J'ai évoqué l'acceptabilité, mais gardons-nous de retomber dans l'excès. Nous sommes pris entre deux feux : d'une part, celui de l'acceptabilité des éoliennes et autres panneaux solaires pour les citoyens et, d'autre part, celui – que l'on perd parfois de vue – de l'urgence. Il faut raccourcir les délais.
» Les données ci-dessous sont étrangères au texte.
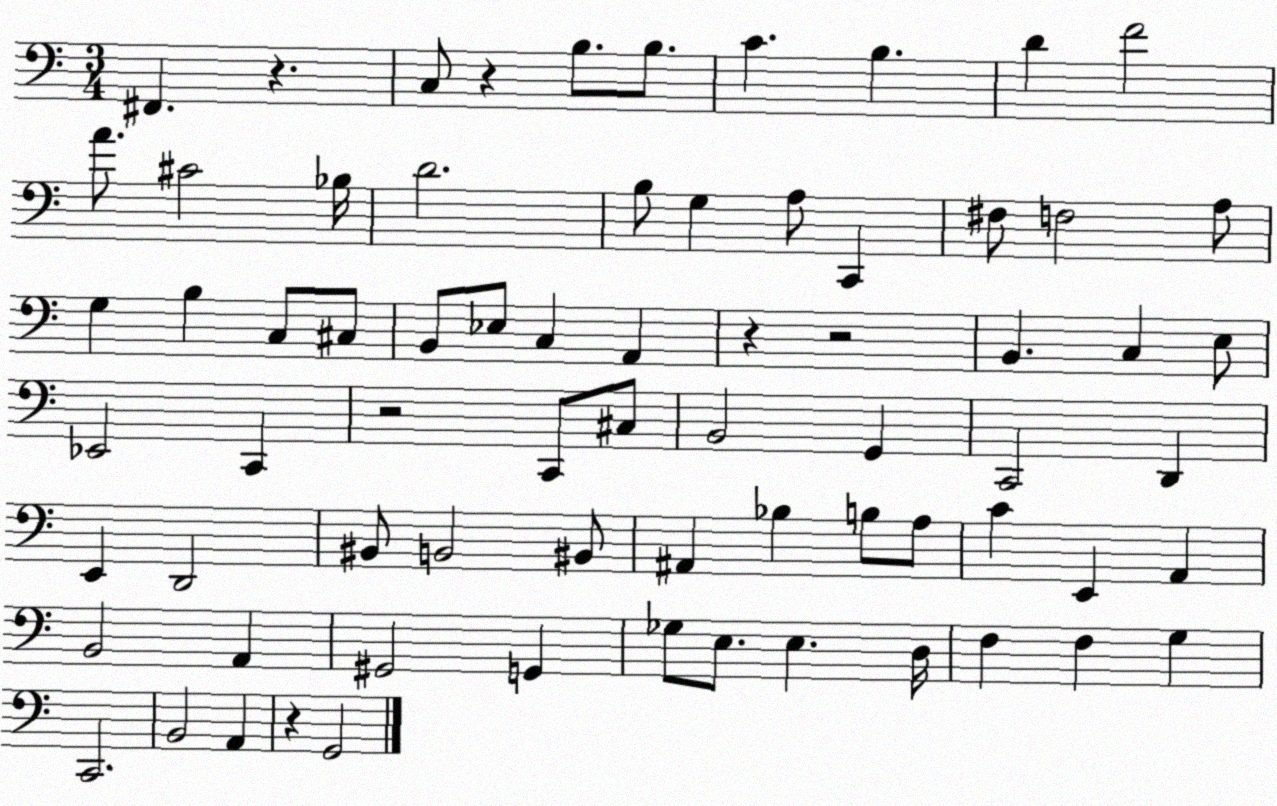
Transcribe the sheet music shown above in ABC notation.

X:1
T:Untitled
M:3/4
L:1/4
K:C
^F,, z C,/2 z B,/2 B,/2 C B, D F2 A/2 ^C2 _B,/4 D2 B,/2 G, A,/2 C,, ^F,/2 F,2 A,/2 G, B, C,/2 ^C,/2 B,,/2 _E,/2 C, A,, z z2 B,, C, E,/2 _E,,2 C,, z2 C,,/2 ^C,/2 B,,2 G,, C,,2 D,, E,, D,,2 ^B,,/2 B,,2 ^B,,/2 ^A,, _B, B,/2 A,/2 C E,, A,, B,,2 A,, ^G,,2 G,, _G,/2 E,/2 E, D,/4 F, F, G, C,,2 B,,2 A,, z G,,2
J'espère, par exemple, que le « permis enveloppe » pour l'éolien en mer permettra de gagner du temps, notamment parce que la zone et le projet auront été définis dès la phase de l'appel d'offres.

Fidèles à notre caractère gaulois, néanmoins, nous sommes souvent prompts à refuser tout ce qui s'introduit dans notre champ visuel. Il faut donc faire de la pédagogie. Il a manqué à l'éolien, par exemple, une vision partagée à l'échelle nationale. Ce secteur s'est d'abord développé en dépit du bon sens, parce que personne n'y croyait vraiment et parce que la motivation était économique plus qu'énergétique. On proposait ainsi un revenu supplémentaire aux collectivités territoriales, ce qui a conduit à miter le paysage.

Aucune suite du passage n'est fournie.